- Your assignment -
Repeat every entry word for word, skipping the pictures.

** Opening Material for this exercise block **

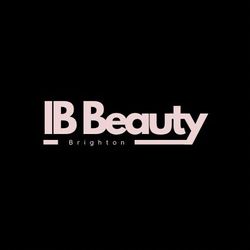 IB Beauty Brighton, 25 Holmes Avenue, BN3 7LB, Hove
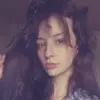 Emily Winner - @emily.winner5 - TikTok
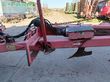 Arado - Kuhn - vari-lander 6-schar
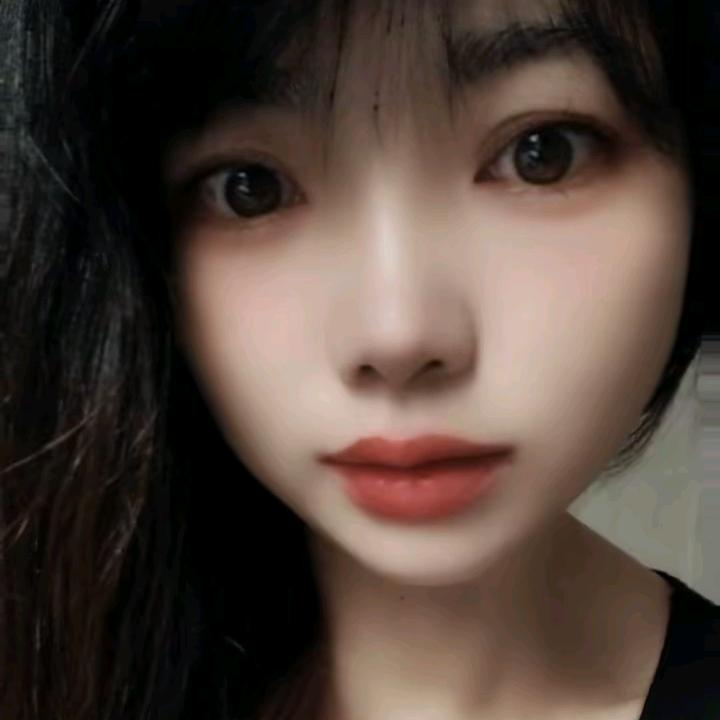 💖一笑而郭💞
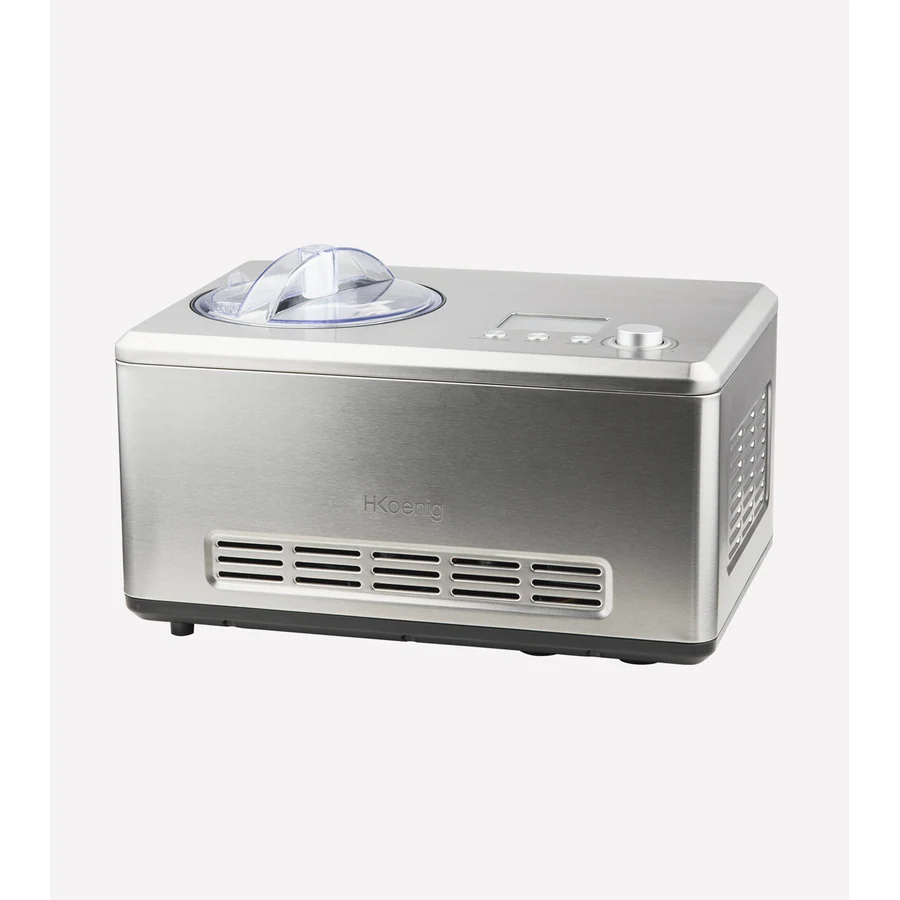 Photo du produit H.Koenig HF320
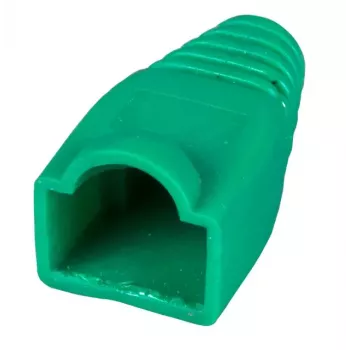 Passacavo EFB Elektronik 37546.8-100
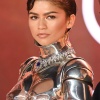 Filename=zendaya_0002.jpg
Filesize=371KiB
Dimensions=1466x2048
Date added=Apr 19, 2024 zendaya_0002.jpg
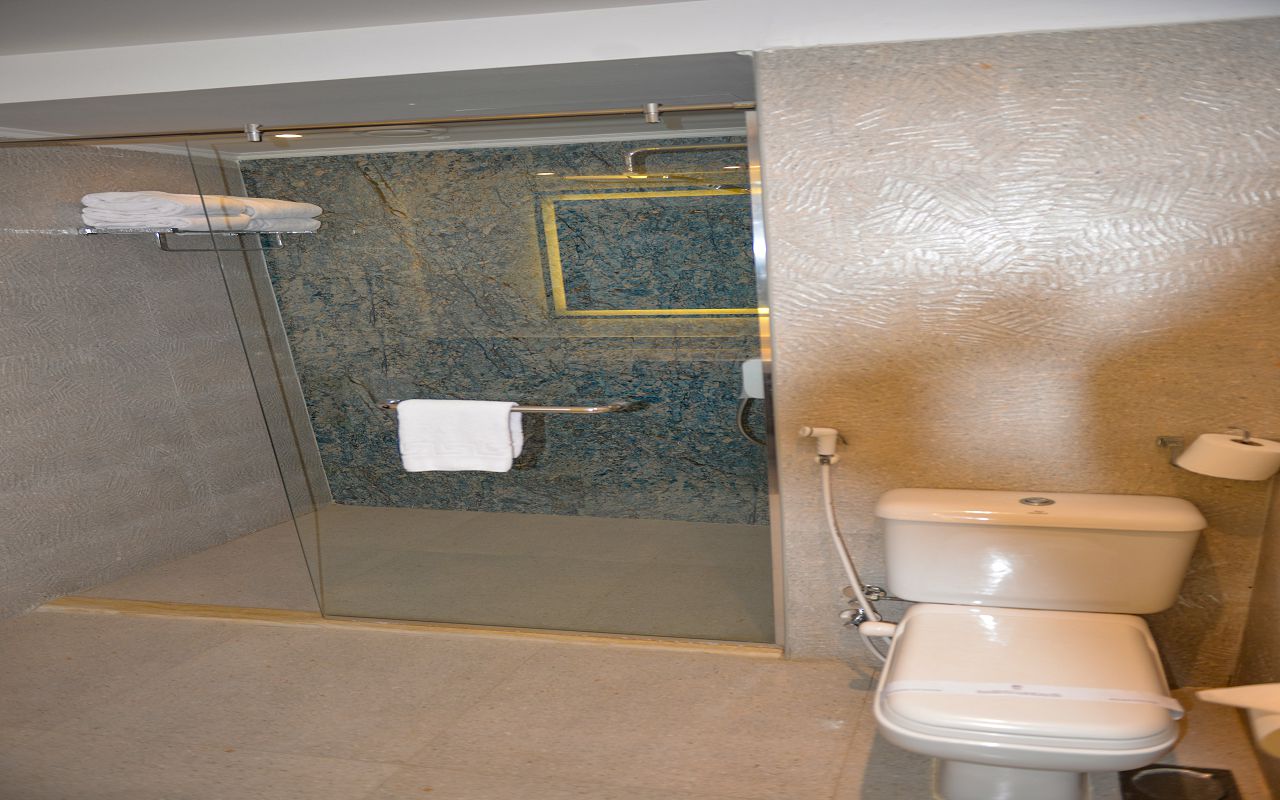 Suite 4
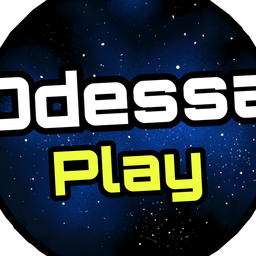 Odessa.Play
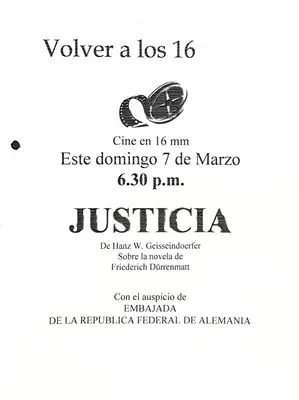 Volantes de 1999 — pieza 44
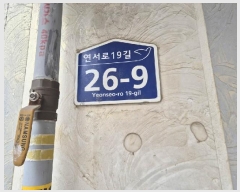  2025Ÿ��51521 ���� ���� ������ 487-17 ���Ǹ��� 101�� 2��203ȣ    �ټ���,������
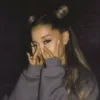 Обложка набора Ariana Grande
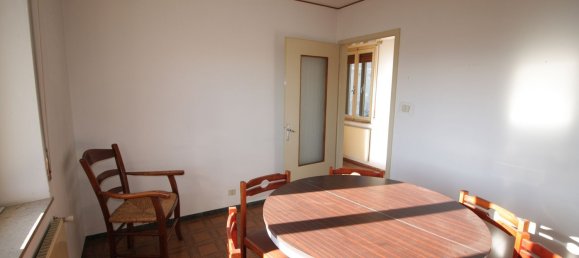 5 غرف نوم منزل في Udine, Italy رقم 358366 42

** Closing Material for this exercise block **

- Exercise solution -
 IB Beauty Brighton, 25 Holmes Avenue, BN3 7LB, Hove
 Emily Winner - @emily.winner5 - TikTok
 Arado - Kuhn - vari-lander 6-schar
 💖一笑而郭💞
 Photo du produit H.Koenig HF320
 Passacavo EFB Elektronik 37546.8-100
 Filename=zendaya_0002.jpg
Filesize=371KiB
Dimensions=1466x2048
Date added=Apr 19, 2024 zendaya_0002.jpg
 Suite 4
 Odessa.Play
 Volantes de 1999 — pieza 44
  2025Ÿ��51521 ���� ���� ������ 487-17 ���Ǹ��� 101�� 2��203ȣ    �ټ���,������
 Обложка набора Ariana Grande
 5 غرف نوم منزل في Udine, Italy رقم 358366 42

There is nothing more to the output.